When we are converted, part of the "transaction" that takes place is that where we were dead we are now alive. The old is gone and we are new. What old? What new? The inner man, the nature.

One day the new nature will be unfettered of this fallen flesh - and what GLORY that will be.

Phillip


----------



## andreas (Dec 31, 2004)

***The question is, in keeping with proper theology, when we are born we have a sinful nature. if we die in this state we will go to hell. Then for those of us who are born again, do we keep the old nature and have now a both an old (sin) and a new (spiritual) nature? or do we exchange our sinful (born in Adam) nature for the new nature (new man in Christ) finishing the act of double imputation?***

Nature is not something you can lay your hands on,or you can sink your teeth into.It is purely a principle of operation.At school we learn that it is the nature of gravity to pull,remember the apple falling on Newton's head?It is the nature of fire to burn,and so on.After Adam, we aquired a sinful nature.Nothing taken away but something new added.SIN.This has permeated avery fibre of our being,the same way that water permeates a sponge.SIN takes possession,and we are under the authority of sin. John 8:34. As such we can do nothing to please God. Romans 8:8. At regeneration,we become spiritually alive,and a new nature is introduced which is spiritual and holy.The old sinful nature is still there,but now we have a new nature, a new principle of operation added.The two natures hate each other, hence the strugle of Paul in Romans 7.

andreas.


----------



## pastorway (Jan 1, 2005)

two natures in man? one corrupt and one "saved"? one black dog and one white dog inside and the one who wins is the one we feed the most?

Why then does the Scripture use the terms "put off" and "put on" if you are really putting one on over the other like a clean shirt over a dirty tee shirt? 

You put off the old man when you are saved. It is gone. All that remains is this fallen flesh in us. The flesh fights the spirit, but *the flesh is not our nature*. It is the enemy within, that which suffers defeat upon defeat as we are sanctified and will be finally conquered in glorification. If our fallen flesh was our nature then we would not ever desire to do what is right. Your nature determines what you are and what you do! And when the new nature has no fallen flesh to contend with any longer then we will not even desire to do what is wrong at all.

Old heart out, new heart in. Old man off, new man on. All things new. A new creation in Christ. It is either-or, not both-and.

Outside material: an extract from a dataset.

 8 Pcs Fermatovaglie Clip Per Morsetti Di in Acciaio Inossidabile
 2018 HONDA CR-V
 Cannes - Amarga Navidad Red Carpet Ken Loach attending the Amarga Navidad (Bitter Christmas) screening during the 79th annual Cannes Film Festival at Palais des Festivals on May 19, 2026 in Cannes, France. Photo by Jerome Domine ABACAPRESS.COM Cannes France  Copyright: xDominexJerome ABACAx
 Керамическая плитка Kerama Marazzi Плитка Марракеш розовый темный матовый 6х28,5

Believers have one new nature that is contending with fallen flesh until we are glorified.

Phillip


----------



## turmeric (Jan 1, 2005)

Flesh isn't nature? Help! I need definitions!


----------



## PuritanCovenanter (Jan 1, 2005)

Let me give a jab at it. Our old nature was dead in sin. Our new nature is regenerate or alive in Christ and dead to sin. John Owen wrote that we still have a law of the Flesh to reckon with. You could substitute the word principle in the spot ot law. Our Flesh is at emnity with God but we who are in Christ put to death the deads of the flesh. They do not have dominion over us any longer. We are set free and can live in righteousness. We are the same person with a new principle working in us. Our old nature fought against God. Our new nature fights against sin.


----------



## andreas (Jan 1, 2005)

***two natures in man? one corrupt and one "saved"? one black dog and one white dog inside and the one who wins is the one we feed the most?

Why then does the Scripture use the terms "put off" and "put on" if you are really putting one on over the other like a clean shirt over a dirty tee shirt? 

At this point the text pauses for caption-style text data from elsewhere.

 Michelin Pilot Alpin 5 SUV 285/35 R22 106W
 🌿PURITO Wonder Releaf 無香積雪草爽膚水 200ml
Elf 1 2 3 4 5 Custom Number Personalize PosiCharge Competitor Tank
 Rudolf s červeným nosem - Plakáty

You put off the old man when you are saved. It is gone. All that remains is this fallen flesh in us. The flesh fights the spirit, but the flesh is not our nature.***



In the christian there are two natures,the flesh and the spirit.Gal.5:17.The two natures are nothing but two diverse principles of operation.We read in Romans 7:23,"I see another law in my members warring against the law of my mind".These two natures result in conflict.We still carry the sinful nature and we will continue to carry it, till we get our new bodies. The principle of sin, the "flesh" is not eradicated. This is clear from Romans 6:12, "Let not sin therefore reign in your mortal body, that ye should obey it in the lusts thereof": 
That exhortation would be meaningless if there were no indwelling sin seeking to reign, and no lusts demanding obedience.

andreas.


----------



## pastorway (Jan 1, 2005)

So between Paul and Andreas we either have 1. a sinful nature that is being replaced/renewed, or 2. a sin nature called the flesh and a new nature called the spirit fighting it out inside us.

Neither of these views can be accurate. 

As for the first, our nature, the essence of who and what we are, is no longer sinful once we are saved. We are a new creation in Christ. We are still sinners, but we do not have a sin nature, we have a new nature, one that Paul describeds in Romans 7 as desiring to do what is right while his flesh often prevails and he does the things he hates. If he had a sinful nature, no matter how sanctified, he would not desire NOT to sin. The sin nature only desires to sin. For this first view, we need to define the difference between a nature and the flesh. They are not the same thing.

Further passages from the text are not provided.